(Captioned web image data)
---+---
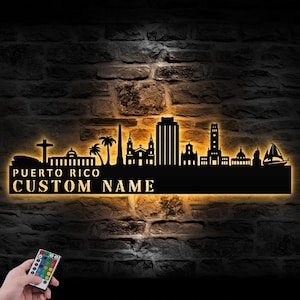 Custom Boricua Puerto Rico City Skyline Metal Wall Art LED Light Personalized Puerto Rican Name Sign Decor Born In Puerto Rico Decoration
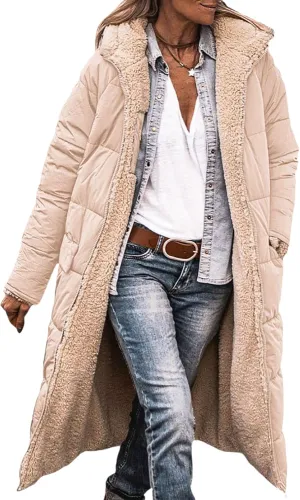 Long Winter Coats for Women Fleece Reversible Puffer Jackets Sherpa Padded Down Coat Oversized Long Sleeve Hooded
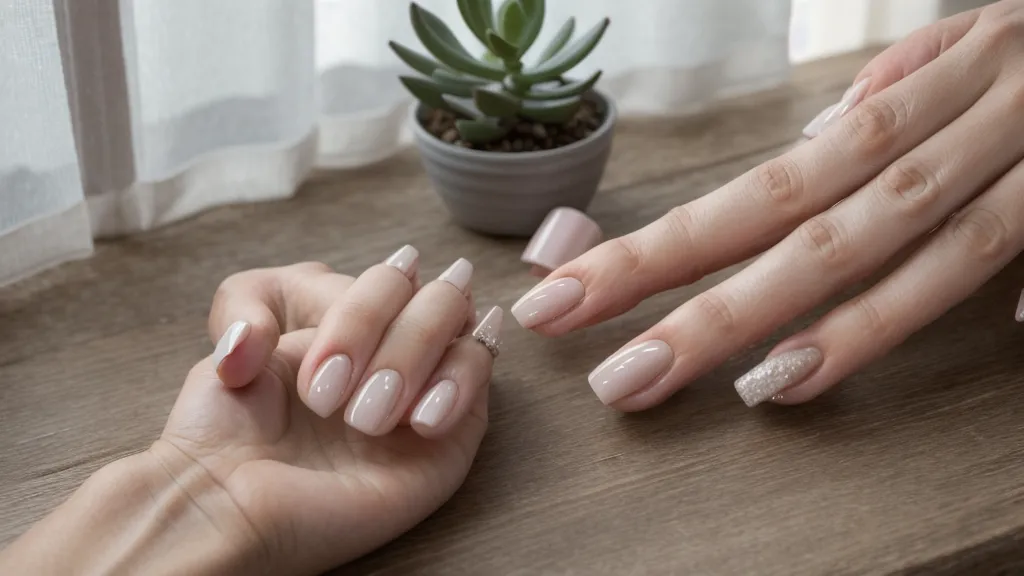 Mesa de trabajo de manicurista en casa con lámpara LED y materiales de acrílico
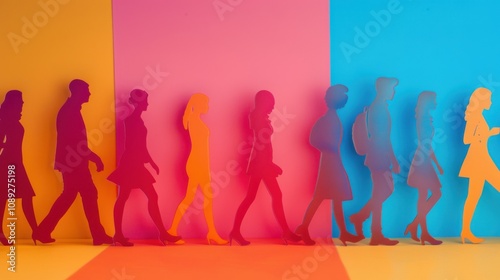 Silhouettes of diverse people on a vibrant, colorful graphic background with abstract shapes.

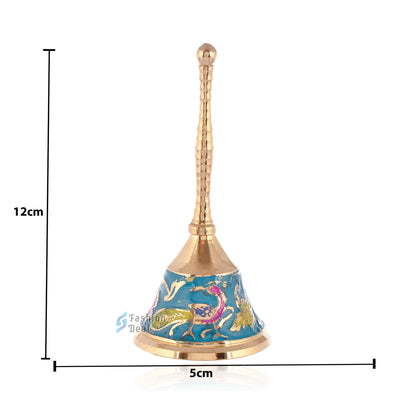 Decorative Meena Brass Hand Bell for Pooja – Ghanti for Mandir, Home, and Office Temple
---+---
EXERCISE GOAL —
The result should be an exact retyped version of all the entries above, containing no pictures.

SOLUTION TO THIS EXERCISE —
 Custom Boricua Puerto Rico City Skyline Metal Wall Art LED Light Personalized Puerto Rican Name Sign Decor Born In Puerto Rico Decoration
 Long Winter Coats for Women Fleece Reversible Puffer Jackets Sherpa Padded Down Coat Oversized Long Sleeve Hooded
 Mesa de trabajo de manicurista en casa con lámpara LED y materiales de acrílico
 Silhouettes of diverse people on a vibrant, colorful graphic background with abstract shapes.

 Decorative Meena Brass Hand Bell for Pooja – Ghanti for Mandir, Home, and Office Temple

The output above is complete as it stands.